The Woodcut
Artist Harry Kernoff, Harry Kernoff in the Thirties produced illustrations and stark woodcuts on radical labour themes, with portraits such as the disillusioned unemployed or workers trying to break free from the shackles of capitalism. Some of these appeared in the newspaper of the left republican group, Republican Congress. Not only did he compose the striking cover of his friend Leslie Daiken’s edited anthology Goodbye, Twilight!, he also provided illustrations for Fifty Years of Liberty Hall: the Golden Jubilee of the Irish Transport and General Workers’ Union 1909-1959. His illustrations featured in an important anthology of Irish poetry, New Irish Poets: Representative Selections from the Work of 37 Contemporaries, from American publisher Devin Garrity, published in 1948.

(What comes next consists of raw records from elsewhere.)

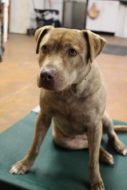 Things to Do if Your Dog is in Pain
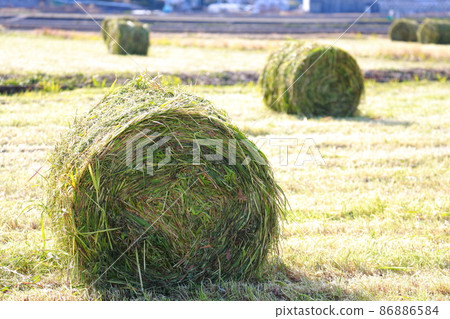 Harvesting straw grass 86886584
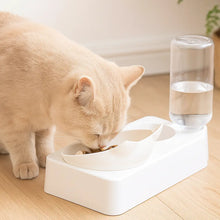 Tilted & non-slip cat bowl | Clean & comfortable feeding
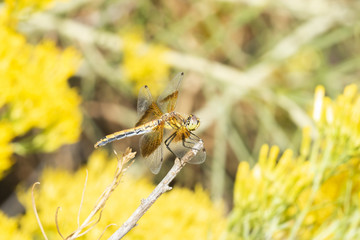 Band-winged Meadowhawk  Dragonfly (Sympetrum semicinctum) Perched on a Thin Branch in Colorado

Kernoff travelled to the USSR with the Irish section of the Friends of Soviet Russia, in the early 1930s as part of a delegation of Irish visitors including Irish suffragist Hanna Sheehy-Skeffington. Before leaving the ship, he is reputed to have presented a portrait of James Connolly to the ships’ captain and crew. Kernoff recognized the radical potential of woodcuts, to produce striking images that would stay in the mind’s eye while communicating a direct political message. In his obituary in the Irish Times, in 1974, John Nolan dubbed Kernoff ‘The Artist of the Workers.’